Any Toyota that is $840/month is a scam. Holy moly.


----------



## WING (Jan 27, 2017)

Titanium Uber said:


> Not all places have a vehicle inspection.


Bay Area requires.......when I was in Massachusetts, not required.



Adieu said:


> Uber inspection passes ANYTHING.
> 
> Lights work, seatbelts work, windows work (if checked), 4 doors, tire tread >3/32" (they NEVER measure and put 4/32 for anything, even 16/32" BFG mud tires) - PASS
> 
> From people....so, Craigslist, newspaper classifieds


I have a 2003 Mitsubishi Lancer but the interior fabrics (door panel) is bad......and I wonder if I need to paint the whole car to pass inspection  One thing I hesitate is because my car gonna be expired next year anyway, I dont know if it worths as I am just doing it occassionally (student here).



Titanium Uber said:


> Any Toyota that is $840/month is a scam.
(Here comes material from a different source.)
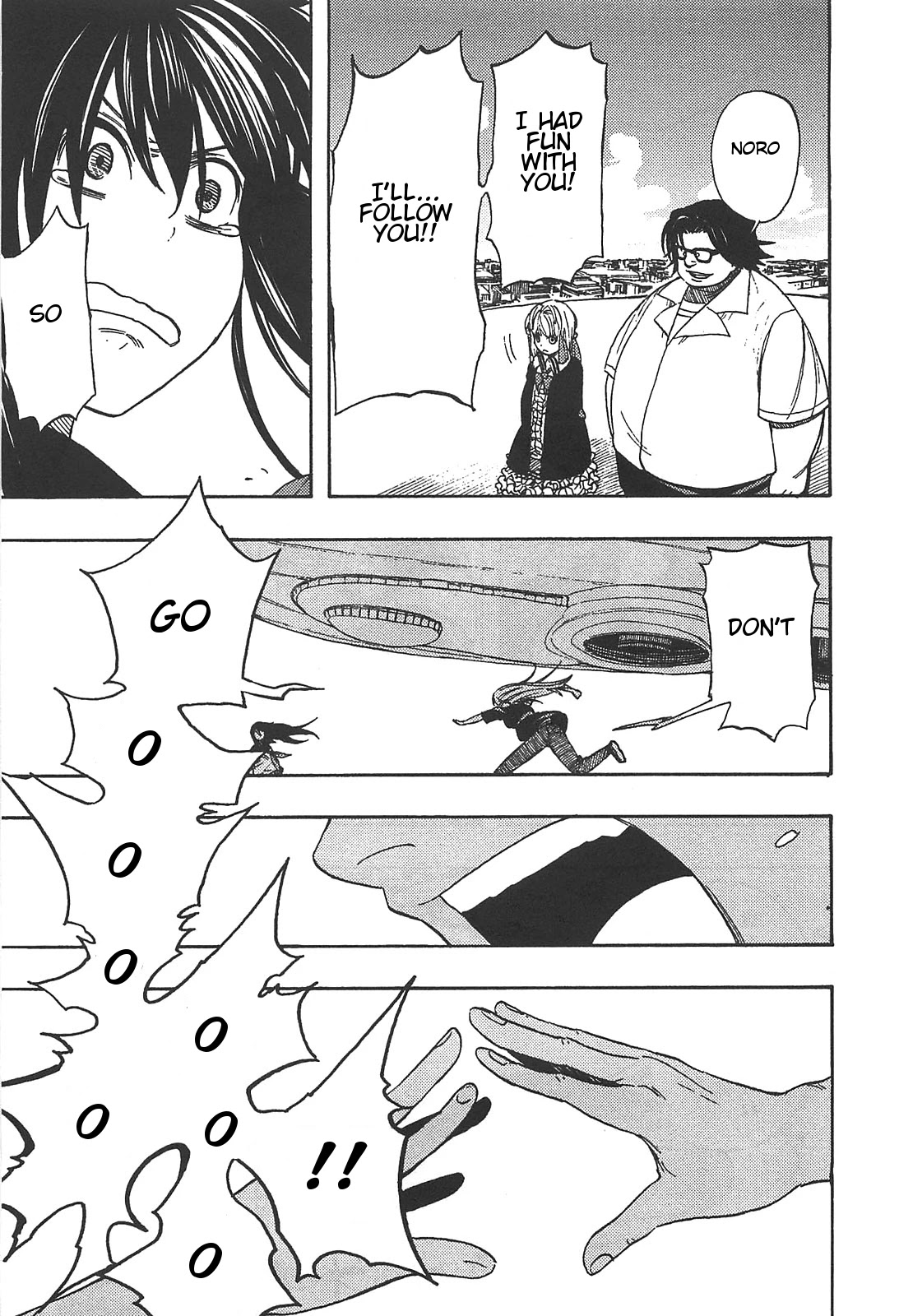 Asamiya-san no Imouto Chapter 7 page 18 - Chapter 7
Holy moly.


Thanks for letting me know bro....


----------



## Adieu (Feb 21, 2016)

WING said:


> Bay Area requires.......when I was in Massachusetts, not required.
> 
> I have a 2003 Mitsubishi Lancer but the interior fabrics (door panel) is bad......and I wonder if I need to paint the whole car to pass inspection  One thing I hesitate is because my car gonna be expired next year anyway, I dont know if it worths as I am just doing it occassionally (student here).
> 
> Thanks for letting me know bro....


Paint doesnt matter below select.

Interior, if cloth, SHOULD be totally royally screwed up....because otherwise it soon will be.

Anyway cheap seatcovers are pennies. So are replacement seats from junkyards.

Also door panels are pennies at junk yards too... And you can swap that with new fabric or carbon fiber vinyl wrap or something for like $20


----------



## WING (Jan 27, 2017)

Adieu said:


> Paint doesnt matter below select.
> 
> Interior, if cloth, SHOULD be totally royally screwed up....because otherwise it soon will be.
> 
> ...


Thanks for your reply, I was think to use the vinyl b4 but it is kind of hard to tackle while it is the door panel. I have no problems with seats though lol


----------



## Adieu (Feb 21, 2016)

WING said:


> Thanks for your reply, I was think to use the vinyl b4 but it is kind of hard to tackle while it is the door panel. I have no problems with seats though lol


Take it apart recover with $5 of fabric from discount fabric store.


----------



## DEEP3R (Mar 20, 2017)

We have them here too. THey are not scams it a ripoff. They are feeding on people who are scared of wear and tear and depreciation.


----------



## elelegido (Sep 24, 2014)

WING said:


> *"UBER NEW DRIVER? 2017 TOYOTA PRIUS $30/DAY $210/WK FREE INSURANCE MILEAGE"*
> 
> *I am located in Bay Area CA, I found this but I don't know if it is scam or not.....because Uber lease is not responding so I wanna see if this can work out for me. Thanks guys for viewing this.*


Call them up, tell them that you have your own car and you'll just take the free insurance.


----------